Courts dismissing claims under Federal Rule of Civil Procedure 12(b)(6) have discretion to permit amendment, and there is a strong presumption in favor of leave to amend. Eminence Cap., LLC v. Aspeon, Inc., 316 F.3d 1048, 1051-52 (9th Cir. 2003). "Dismissal with prejudice and without leave to amend is not appropriate unless it is clear . . . that the complaint could not be saved by amendment." Id. at 1052 (internal citation omitted).

Lozada seeks to amend either his first claim alleging a First Amendment violation or his sixth claim for constructive termination to allege that Defendants Brown and Fulton retaliated against him for statements made while he was working for his previous employer. See Opp'n at 6.

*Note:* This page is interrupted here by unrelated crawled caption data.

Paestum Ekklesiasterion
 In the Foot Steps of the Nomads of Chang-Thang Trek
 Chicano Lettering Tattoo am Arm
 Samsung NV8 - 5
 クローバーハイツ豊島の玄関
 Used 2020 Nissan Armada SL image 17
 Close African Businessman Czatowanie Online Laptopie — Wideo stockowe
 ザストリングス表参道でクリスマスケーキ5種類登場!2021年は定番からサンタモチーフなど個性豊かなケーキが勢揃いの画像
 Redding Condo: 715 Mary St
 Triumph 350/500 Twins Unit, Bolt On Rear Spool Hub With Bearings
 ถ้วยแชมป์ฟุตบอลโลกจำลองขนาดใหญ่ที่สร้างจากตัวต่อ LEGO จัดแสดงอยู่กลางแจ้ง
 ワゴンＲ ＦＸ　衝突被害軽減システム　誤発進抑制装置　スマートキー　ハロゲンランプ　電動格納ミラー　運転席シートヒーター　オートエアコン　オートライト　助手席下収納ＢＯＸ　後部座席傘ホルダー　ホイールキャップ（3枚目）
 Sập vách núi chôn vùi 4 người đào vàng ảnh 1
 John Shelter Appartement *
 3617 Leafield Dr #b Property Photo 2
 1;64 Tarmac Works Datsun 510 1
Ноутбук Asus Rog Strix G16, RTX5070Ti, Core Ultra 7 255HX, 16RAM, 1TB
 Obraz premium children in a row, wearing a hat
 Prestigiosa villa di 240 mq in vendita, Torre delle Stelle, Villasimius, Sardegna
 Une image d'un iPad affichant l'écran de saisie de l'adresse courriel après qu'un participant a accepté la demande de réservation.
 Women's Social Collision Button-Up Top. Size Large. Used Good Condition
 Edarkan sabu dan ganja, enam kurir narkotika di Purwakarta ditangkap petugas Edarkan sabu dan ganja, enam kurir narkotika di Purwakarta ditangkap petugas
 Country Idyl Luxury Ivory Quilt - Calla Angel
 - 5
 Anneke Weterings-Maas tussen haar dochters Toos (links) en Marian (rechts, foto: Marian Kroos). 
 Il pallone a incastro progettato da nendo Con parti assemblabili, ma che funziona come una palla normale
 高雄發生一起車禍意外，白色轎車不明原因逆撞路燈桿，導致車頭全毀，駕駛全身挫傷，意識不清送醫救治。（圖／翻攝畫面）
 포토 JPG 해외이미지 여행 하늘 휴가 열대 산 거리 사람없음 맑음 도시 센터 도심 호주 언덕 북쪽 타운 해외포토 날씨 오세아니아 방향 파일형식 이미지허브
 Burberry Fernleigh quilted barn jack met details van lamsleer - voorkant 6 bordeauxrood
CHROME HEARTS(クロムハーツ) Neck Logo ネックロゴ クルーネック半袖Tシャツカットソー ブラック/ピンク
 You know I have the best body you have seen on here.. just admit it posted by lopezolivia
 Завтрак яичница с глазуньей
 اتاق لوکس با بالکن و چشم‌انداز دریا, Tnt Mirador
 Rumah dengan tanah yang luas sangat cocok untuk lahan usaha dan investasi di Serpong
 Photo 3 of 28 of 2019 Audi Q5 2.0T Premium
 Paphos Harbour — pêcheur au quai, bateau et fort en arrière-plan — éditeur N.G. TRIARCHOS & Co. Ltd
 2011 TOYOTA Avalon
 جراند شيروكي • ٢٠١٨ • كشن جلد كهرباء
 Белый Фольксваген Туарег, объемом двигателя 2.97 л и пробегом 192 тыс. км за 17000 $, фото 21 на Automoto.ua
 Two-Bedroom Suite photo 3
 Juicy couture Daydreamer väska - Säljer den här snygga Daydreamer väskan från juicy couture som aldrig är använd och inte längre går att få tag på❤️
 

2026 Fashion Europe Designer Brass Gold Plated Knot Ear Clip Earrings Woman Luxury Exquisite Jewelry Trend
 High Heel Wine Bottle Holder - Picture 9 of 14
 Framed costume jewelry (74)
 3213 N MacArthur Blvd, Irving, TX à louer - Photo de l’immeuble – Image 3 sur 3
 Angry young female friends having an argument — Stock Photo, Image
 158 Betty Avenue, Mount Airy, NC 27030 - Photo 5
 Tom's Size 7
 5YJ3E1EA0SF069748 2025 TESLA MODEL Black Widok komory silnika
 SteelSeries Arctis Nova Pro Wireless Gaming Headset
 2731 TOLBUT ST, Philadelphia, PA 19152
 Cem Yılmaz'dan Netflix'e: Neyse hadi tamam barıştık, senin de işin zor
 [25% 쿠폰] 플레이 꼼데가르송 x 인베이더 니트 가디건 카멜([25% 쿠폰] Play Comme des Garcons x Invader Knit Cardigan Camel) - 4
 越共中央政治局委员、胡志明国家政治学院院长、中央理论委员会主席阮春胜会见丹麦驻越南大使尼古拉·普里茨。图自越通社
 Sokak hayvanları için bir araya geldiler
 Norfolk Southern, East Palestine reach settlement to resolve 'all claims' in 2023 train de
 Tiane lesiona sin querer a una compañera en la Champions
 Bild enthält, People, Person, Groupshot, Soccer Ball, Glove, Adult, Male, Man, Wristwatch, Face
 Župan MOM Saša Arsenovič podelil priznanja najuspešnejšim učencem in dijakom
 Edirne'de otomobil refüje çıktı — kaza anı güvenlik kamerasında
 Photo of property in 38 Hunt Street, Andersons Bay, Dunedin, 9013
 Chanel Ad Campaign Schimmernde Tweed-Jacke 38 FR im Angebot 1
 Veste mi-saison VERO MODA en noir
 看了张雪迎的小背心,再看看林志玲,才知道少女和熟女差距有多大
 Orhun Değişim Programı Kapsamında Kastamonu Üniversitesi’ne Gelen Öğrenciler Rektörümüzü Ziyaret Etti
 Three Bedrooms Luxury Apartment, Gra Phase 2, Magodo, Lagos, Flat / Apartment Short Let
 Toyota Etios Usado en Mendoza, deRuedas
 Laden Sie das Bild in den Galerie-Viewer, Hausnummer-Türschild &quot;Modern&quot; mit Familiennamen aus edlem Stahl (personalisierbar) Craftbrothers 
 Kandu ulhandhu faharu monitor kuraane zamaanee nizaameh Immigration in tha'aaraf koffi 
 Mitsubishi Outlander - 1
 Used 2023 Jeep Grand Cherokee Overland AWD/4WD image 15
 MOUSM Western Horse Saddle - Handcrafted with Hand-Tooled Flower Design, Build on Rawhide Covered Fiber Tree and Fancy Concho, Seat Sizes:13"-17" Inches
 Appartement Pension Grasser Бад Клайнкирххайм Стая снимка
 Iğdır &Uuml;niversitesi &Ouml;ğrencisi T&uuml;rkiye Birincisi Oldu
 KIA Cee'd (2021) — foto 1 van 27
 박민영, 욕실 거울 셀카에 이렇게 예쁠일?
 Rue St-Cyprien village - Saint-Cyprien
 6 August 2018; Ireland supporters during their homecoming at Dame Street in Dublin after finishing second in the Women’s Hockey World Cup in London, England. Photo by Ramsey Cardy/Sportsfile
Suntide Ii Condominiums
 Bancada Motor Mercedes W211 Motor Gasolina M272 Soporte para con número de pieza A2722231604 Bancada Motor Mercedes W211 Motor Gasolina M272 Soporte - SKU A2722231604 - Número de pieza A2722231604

In the Ninth Circuit, First Amendment retaliation claims are analyzed under the five-factor inquiry described in Eng v. Cooley, 552 F.3d 1062 (9th Cir. 2009). To demonstrate First Amendment retaliation, Lozada must show that (1) he spoke on a matter of public concern; (2) he spoke as a private citizen rather than a public employee; and (3) the relevant speech was a substantial or motivating factor in the adverse employment action. Barone v. City of Springfield, Oregon, 902 F.3d 1091, 1098 (9th Cir. 2018). Should he establish a prima facie case, the burden shifts to Defendants to demonstrate that (4) they had an adequate justification for treating him differently than other members of the general public; or (5) it would have taken the adverse employment action even absent the protected speech. Id. "[F]ailure to meet any [factor] is fatal to the plaintiff's case." Dahlia v. Rodriguez, 735 F.3d 1060, 1067 n.4 (9th Cir. 2013) (en banc). The amendments Lozada currently proposes are insufficient to satisfy this standard; however, it is not clear that his Complaint could not be saved by amendment. Therefore, the Court will grant Lozada leave to amend his claim against Defendants Brown and/or Fulton.

III. ORDER

For the reasons set forth above, the Court GRANTS WITHOUT PREJUDICE Defendants' Motion to Dismiss Plaintiff's Complaint as to Defendants Brown and Fulton El Camino Park Police Department. If Plaintiff amends his complaint, he shall file an Amended Complaint within twenty (20) days of this Order. Defendants' responsive pleading is due twenty days thereafter.

IT IS SO ORDERED.

FootNotes


1. This motion was determined to be suitable for decision without oral argument. E.D. Cal. L.R. 230(g). The hearing was scheduled for November 20, 2018.